START DATA PROVIDED
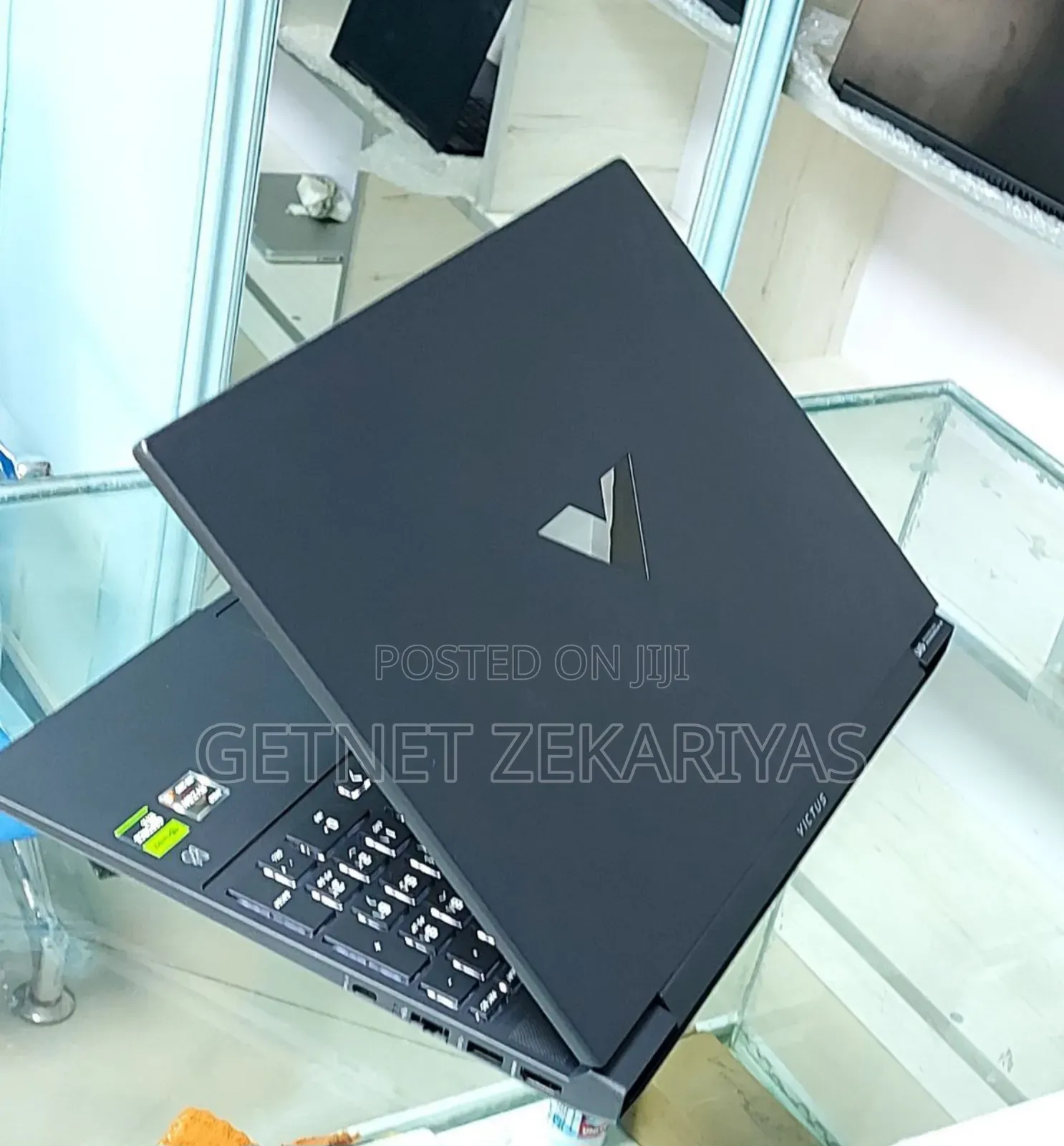 New Laptop HP Victus 15 8GB AMD Ryzen 5 SSD 512GB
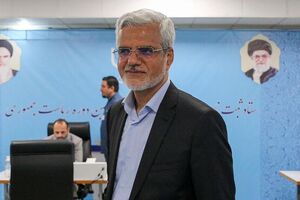 محمود صادقی برای انتخابات ریاست جمهوری ثبت نام کرد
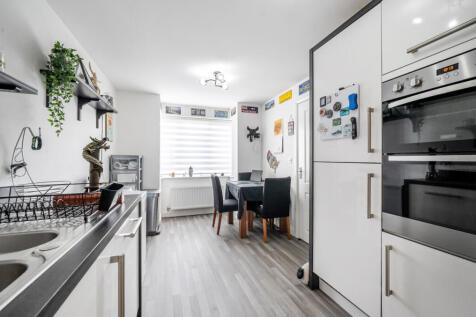 1343885-12-68b595...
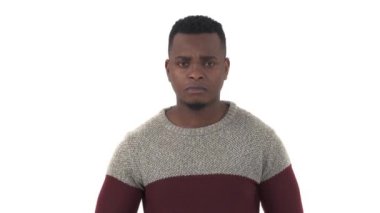 Genç Afro-Amerikalı adam tehditkar bir hareket sergiliyor. İzole edilmiş, beyaz arkaplan üzerinde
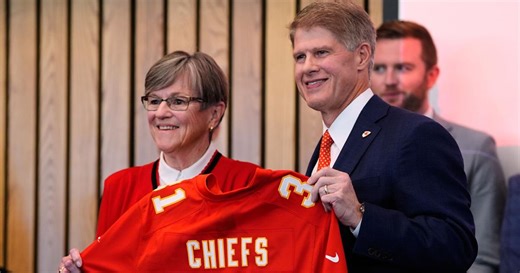 Brown police chief placed on leave; Chiefs moving to Kansas | Hot off the Wire podcast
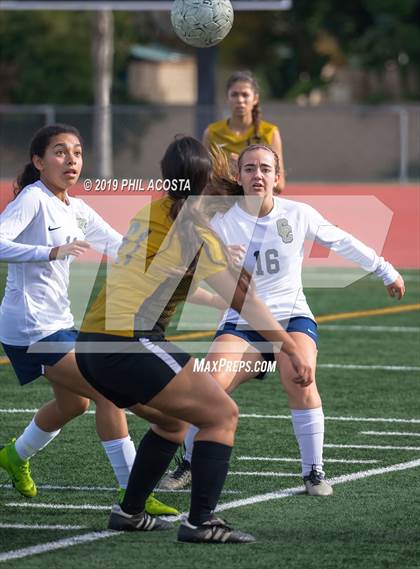 Thumbnail 2 in Cabrillo vs. Calvary Chapel (Best of the West Tournament) photogallery.
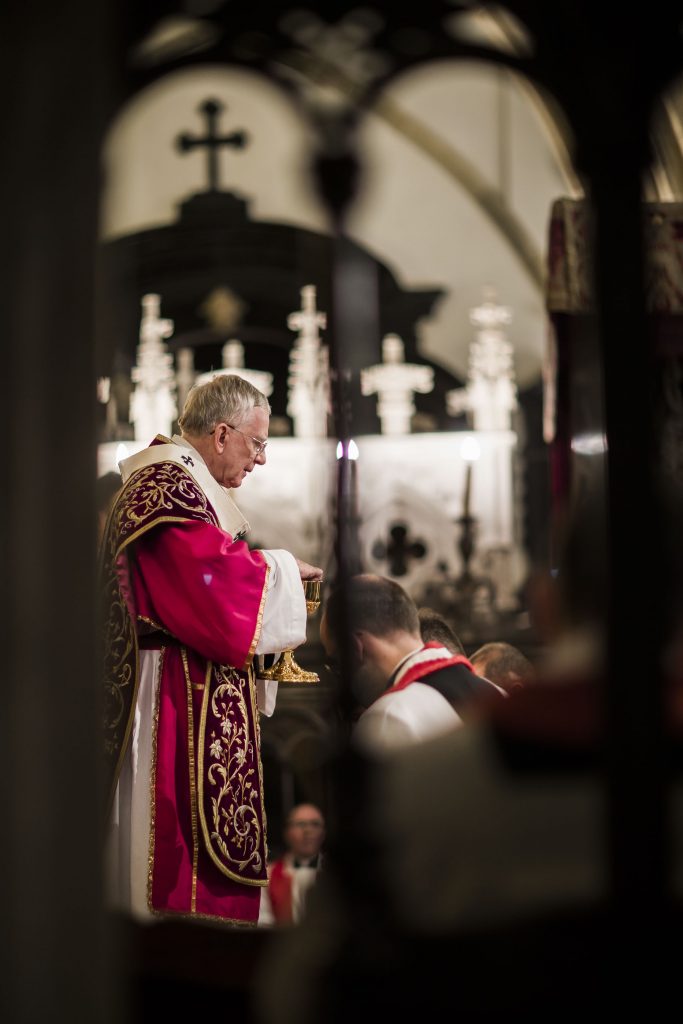 Abp Marek Jędraszewski w Wielki Piątek Eucharystia monstrancja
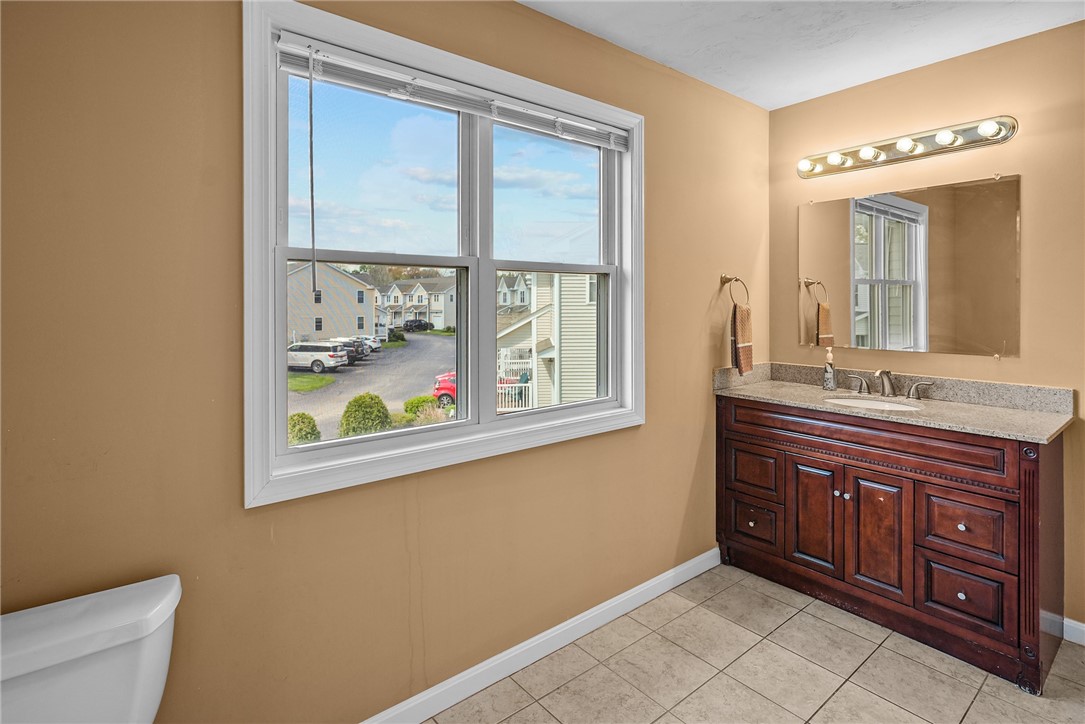 47 Silver Cup Circle West Warwick, RI 02893 - Photo 21 of 44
END DATA PROVIDED
__EXERCISE GOAL__:
Could you write out again, exactly, the lines from the line containing "Thumbnail 2 in" through the last line of the records above? Leave out the pictures.

__RESULT__:
 Thumbnail 2 in Cabrillo vs. Calvary Chapel (Best of the West Tournament) photogallery.
 Abp Marek Jędraszewski w Wielki Piątek Eucharystia monstrancja
 47 Silver Cup Circle West Warwick, RI 02893 - Photo 21 of 44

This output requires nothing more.